Exercise goal: Beginning with the line that has "Decorative rug SHAPED MAGNOLIA light pink", write out each line down to the end of the records below exactly, and include no pictures.

####

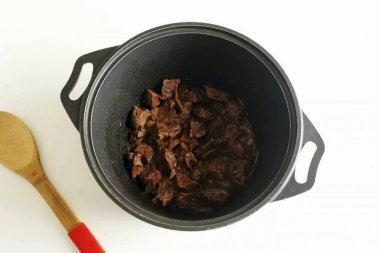 Tuzlu mevsim, baharat ve kaynatma ekle, 10-15 dakika kadar örtülü. Sıvı buharlaşana kadar pişiririm..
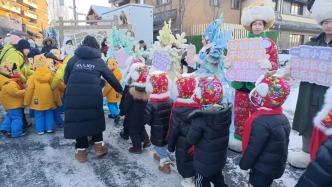 “小砂糖橘”北上遇見“人參娃娃”！桂吉萌娃雪地牽手，甜到心坎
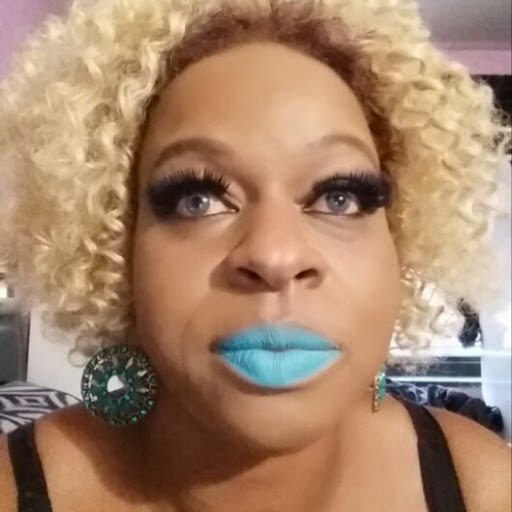 Yvette Roberts Photo 27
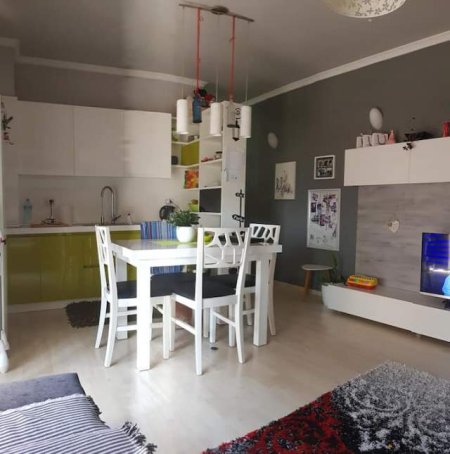 Apartament 1+1 ne shitje, Don Bosko, prane kompleksit Vizion Plus ne Tirane✔️  🏢Pallat me ashensor, kati i V i nje pallati prej 10- kate (sh)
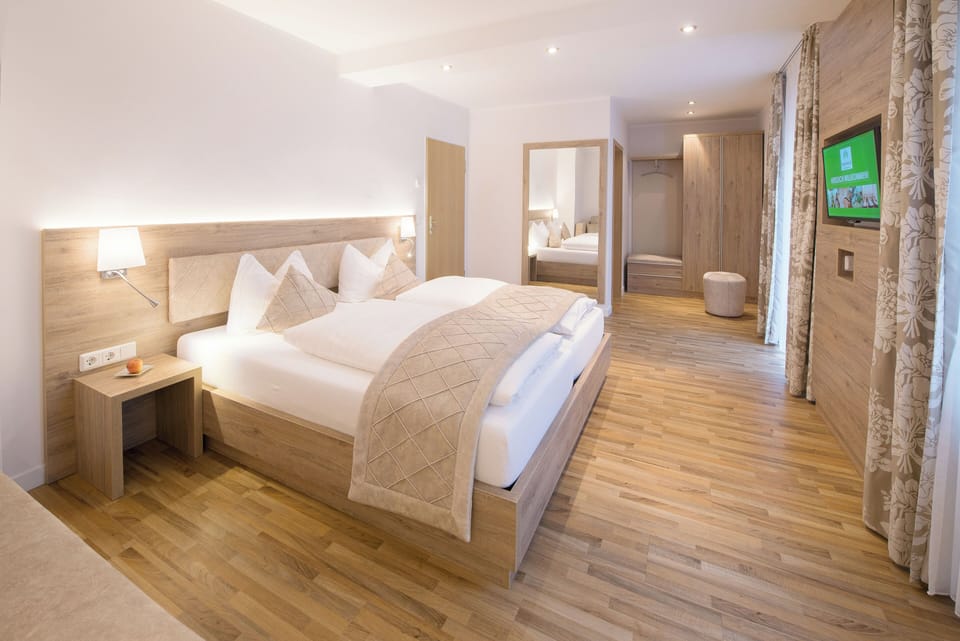 Business Double Room | Hypo-allergenic bedding available, in-room safe, desk, laptop workspace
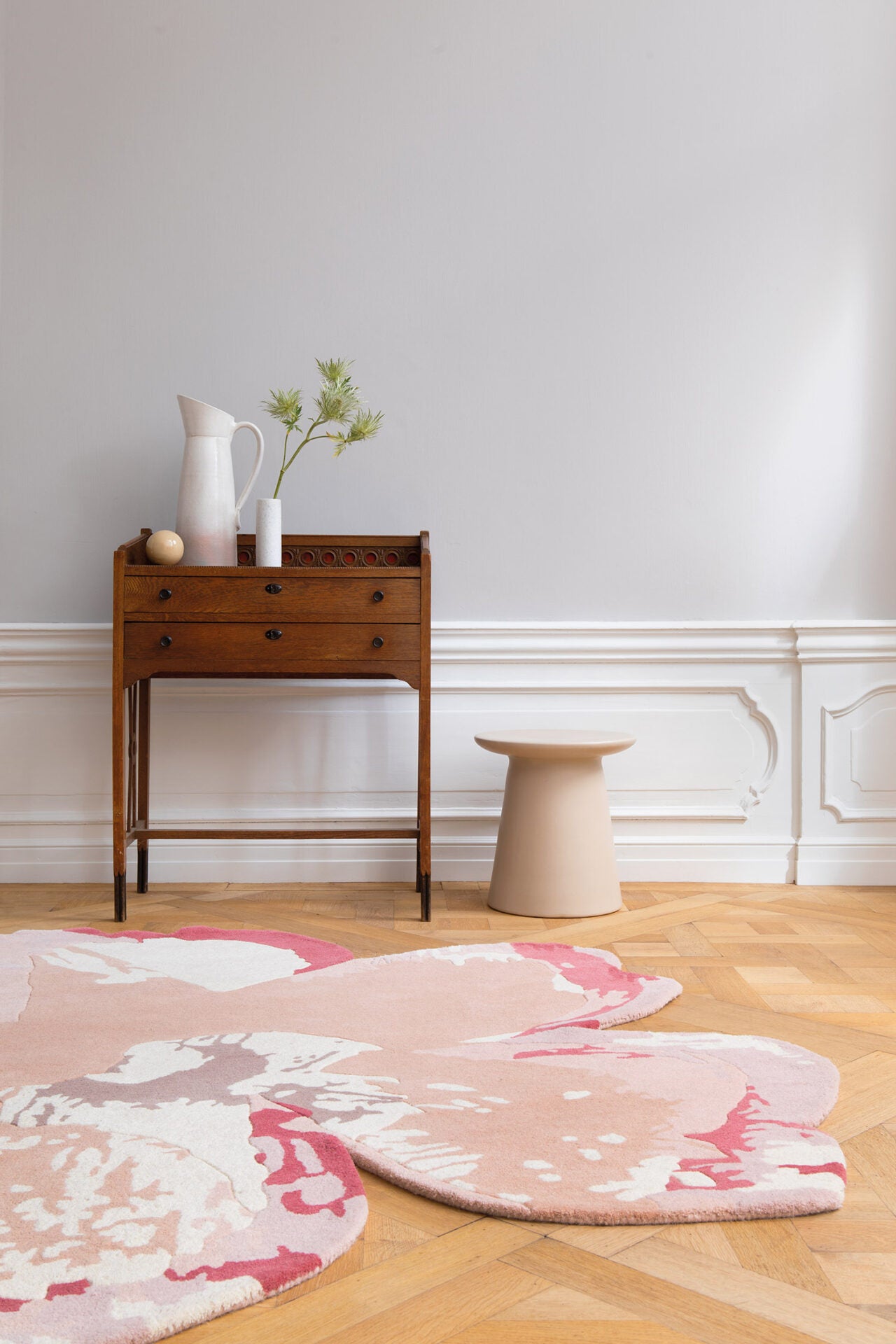 Decorative rug SHAPED MAGNOLIA light pink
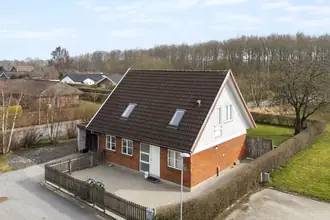 Villa på Neptunvej 5, 8723 Løsning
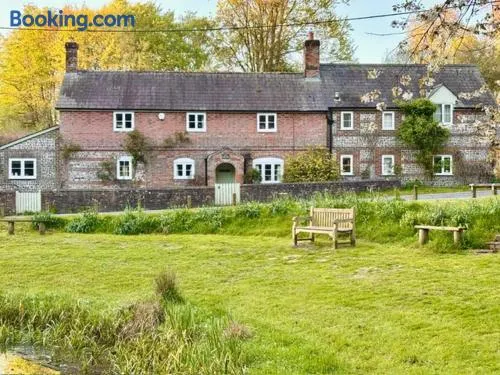 Garden Lodge - Image 1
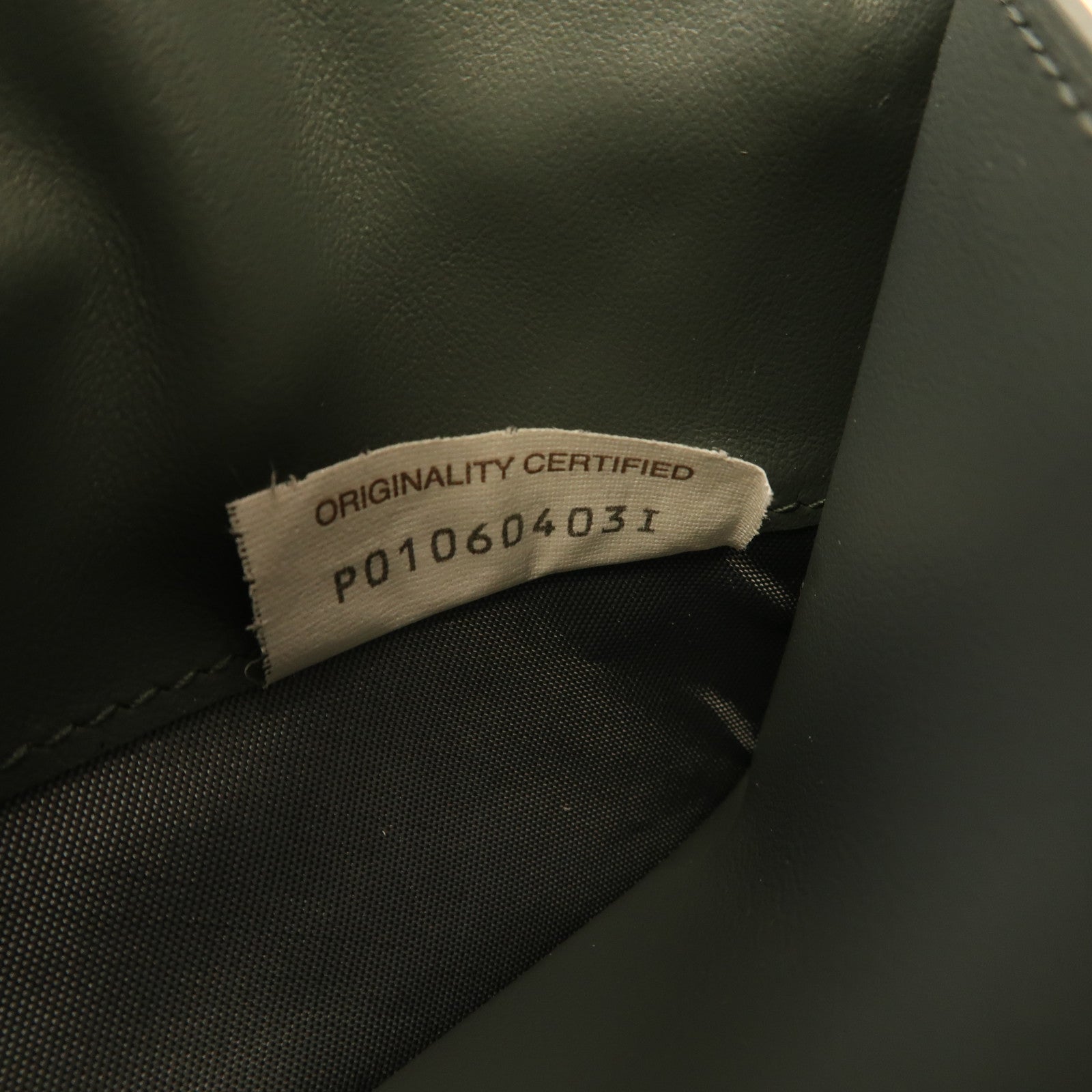 BOTTEGA VENETA 【激減優惠】織紋皮革Wallet折疊長錢包灰色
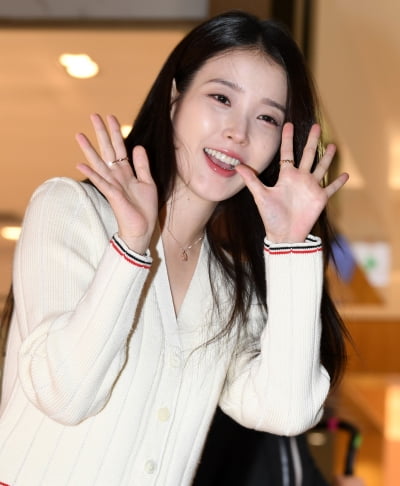 아이유, 달콤한 눈빛...매력으로 빈틈없는 미모 [TEN포토+]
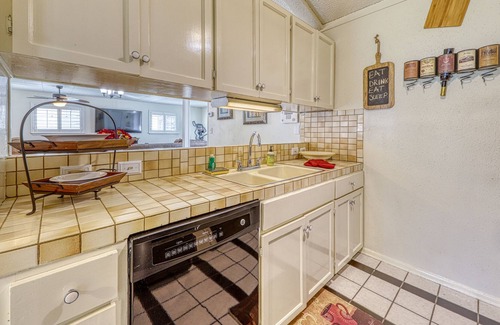 North San Antonio - SAT House | Beautiful, family-friendly home w/ private pool - close to Six Flags!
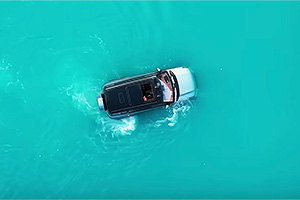 (VIDEO) Cum poate pluti şi naviga pe apă noul SUV chinezesc YangWang U8, ca un vehicul amfibie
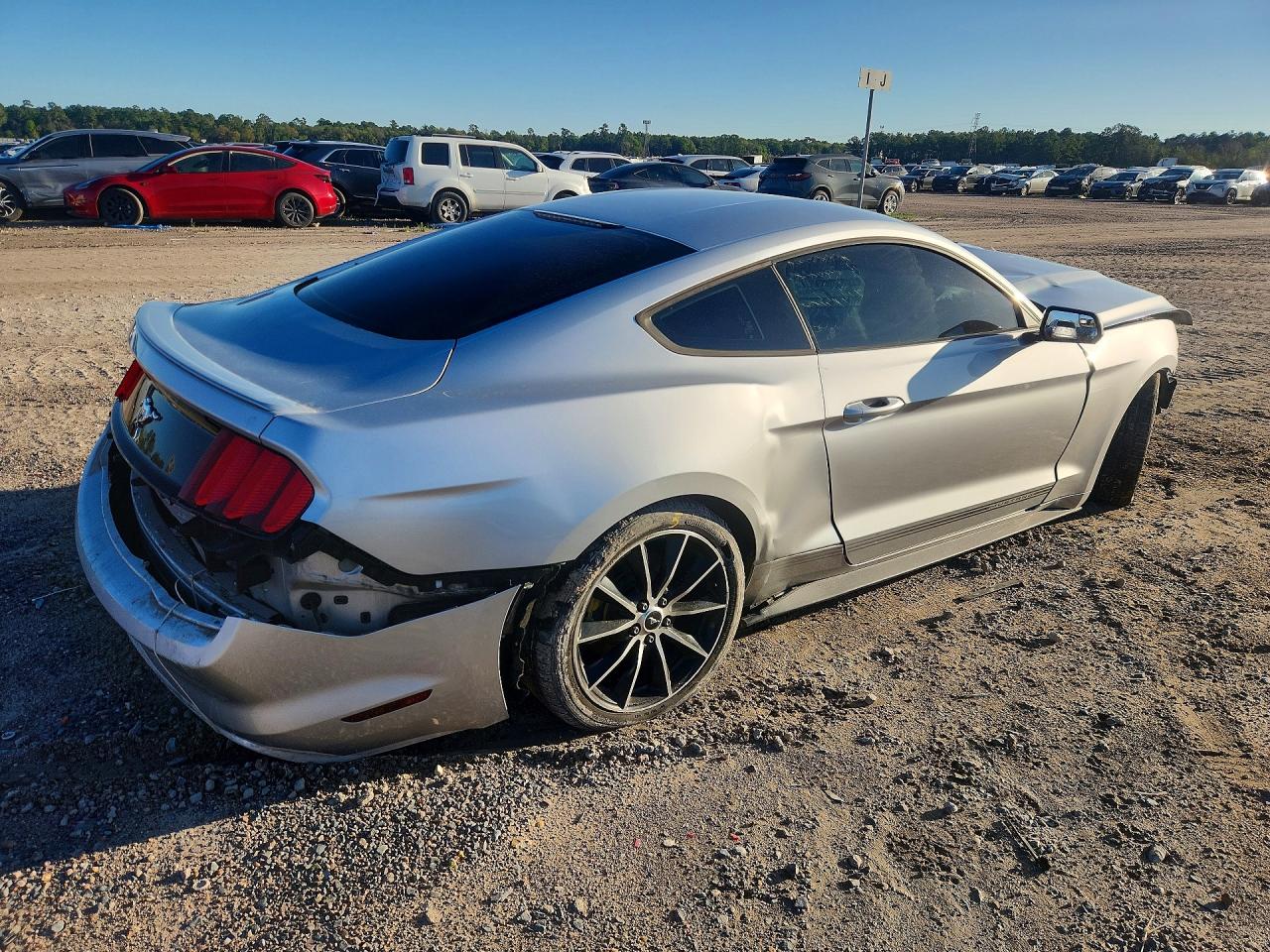 2015 FORD MUSTANG photo 3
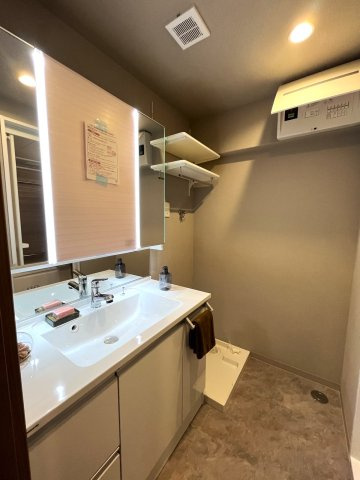 サングレート箱崎公園東のその他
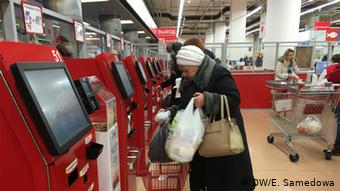 Женщина в супермаркете с корзинкой для товаров
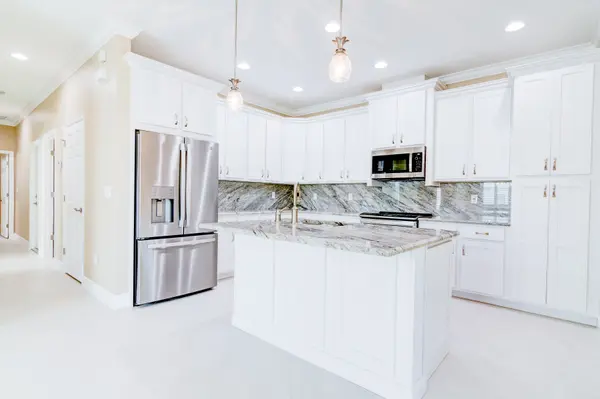 12899 SW Lake Fern Cir, Port St Lucie, FL 34987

####

Answer to this problem:
 Decorative rug SHAPED MAGNOLIA light pink
 Villa på Neptunvej 5, 8723 Løsning
 Garden Lodge - Image 1
 BOTTEGA VENETA 【激減優惠】織紋皮革Wallet折疊長錢包灰色
 아이유, 달콤한 눈빛...매력으로 빈틈없는 미모 [TEN포토+]
 North San Antonio - SAT House | Beautiful, family-friendly home w/ private pool - close to Six Flags!
 (VIDEO) Cum poate pluti şi naviga pe apă noul SUV chinezesc YangWang U8, ca un vehicul amfibie
 2015 FORD MUSTANG photo 3
 サングレート箱崎公園東のその他
 Женщина в супермаркете с корзинкой для товаров
 12899 SW Lake Fern Cir, Port St Lucie, FL 34987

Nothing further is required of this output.